Ключевые слова: Есенин, быт и искусство; образ собаки; «Песнь о собаке»; «Сукин сын»; «Собаке Качалова»; посредник; субъектно-образная структура; кинематографичность; хронотоп; жанровый синтез.

1. Введение

«Искусство — это виды человеческого управления. Словом, звуками и движениями человек передает другому человеку то, что им найдено в явлении внутреннем или явлении внешнем. Всё, что выходит из человека, рождает его потребности, из потребностей рождается быт, из быта же рождается его искусство...» [Есенин, 1997, т. 5, с. 226].

Эта цитата из незавершенного теоретического очерка Есенина «Быт и искусство», который многие исследователи творчества поэта рассматривают как продолжение фундаментального есенинского труда «Ключи Марии» (см.: [Шуб-никова-Гусева 2005], а также библиографию к статье). Обе эти работы отнюдь не плод так называемого «теоретизирования» Есенина в области искусства: из-

ящные образные формулы здесь служат своеобразным «объяснительным» приложением к его поэзии; посредством языка философского трактата открываются потаенные двери к самой сути лирического мирочувствования величайшего художника русского слова.

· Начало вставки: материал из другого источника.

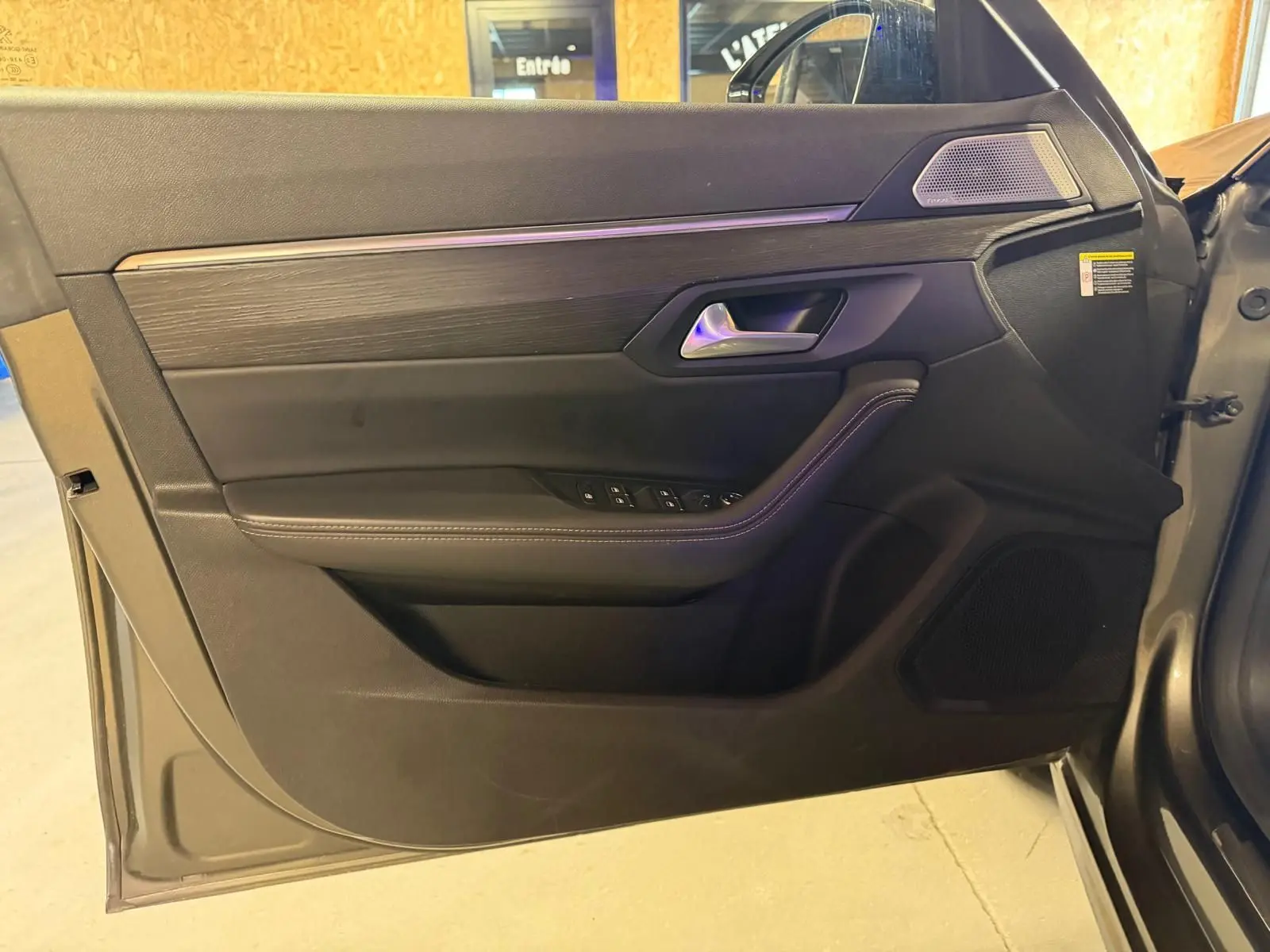 Vue intérieure côté gauche de la porte avant d’une Peugeot 508 gris, avec garniture noire et inserts bois.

Есенин в конце своего жизненного пути, который, по его же признанию, был «извилист», сокровенно признавал: Всё равно остался я поэтом // Золотой бревенчатой избы [Есенин, 1995, с. 226], подчеркивая тем самым свою неразрывную духовную связь с крестьянским миром, где одной из важных бытовых примет и одновременно его содержательных конструктов является домашнее хозяйство, не мыслимое без животных. И они — особенно в ранней лирике — густо населяют поэтическую вселенную Есенина, существуя в одном онтологическом и эмоционально-ценностном пространстве с человеком.

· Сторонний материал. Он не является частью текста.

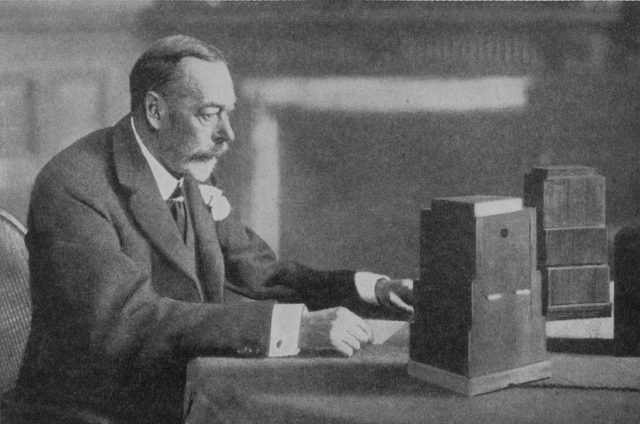 King George V making his annual Christmas Broadcast to the nation as part of the royal tradition in The United Kingdom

И, пожалуй, самое запоминающееся домашнее животное у поэта — это собака, что становится образом-мотивом, проходящем через всё есенинское творчество, ярко и самобытно являя себя в программных произведениях. На нем мы и сосредоточили своё внимание в нашем исследовании, целью которого предполагается изучение художественно-функционального статуса названного образа в лирике Есенина, где будет важен контекст органичного единства искусства и быта, во многом определяющего творческую философию поэта.

Выраженный как словом собака, так и его вторичными номинациями (пес, щенок, сука, кобель) интересующий нас образ встречается 60 раз в художественном наследии Есенина; причем не всегда в качестве объекта поэтического изображения. Так, мы отмечаем случаи его присутствия в составе, как правило, осложненных метафор (На дорогах голодным ртом // Сосут край земли собаки — «Кобыльи корабли»); устойчивых выражений (В переулках каждая собака // Знает мою легкую походку — «Я обманывать себя не стану...»); сравнений (Мы в России девушек весенних // На цепи не держим, как собак... — «Я спросил сегодня у менялы.»).

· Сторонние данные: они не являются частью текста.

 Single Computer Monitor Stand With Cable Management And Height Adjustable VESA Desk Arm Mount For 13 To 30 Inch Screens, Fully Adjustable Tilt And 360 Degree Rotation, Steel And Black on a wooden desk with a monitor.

Следует выделить и ещё один корпус лирических текстов, в которых образ собаки располагается в периферийных зонах изображенного мира произведений, вместе с тем в своей художественной функции способствует органичной целостности, полноты и завершенности воссоздаваемой Есениным поэтической картины («По дороге идут богомолки.», «Устал я жить в родном краю.», «Да! Теперь решено, без возврата.», «Исповедь хулигана», «Возвращение на родину» и др.). И особое место — в перспективе нашей темы — занимают три стихотворения, где образ собаки — центральная фигура текста, конструктивная основа его идейно-художественного содержания, что, собственно, подчеркнуто и самими названиями этих произведений: «Песнь о собаке», «Сукин сын», «Собаке Качалова». На них мы и остановимся подробнее.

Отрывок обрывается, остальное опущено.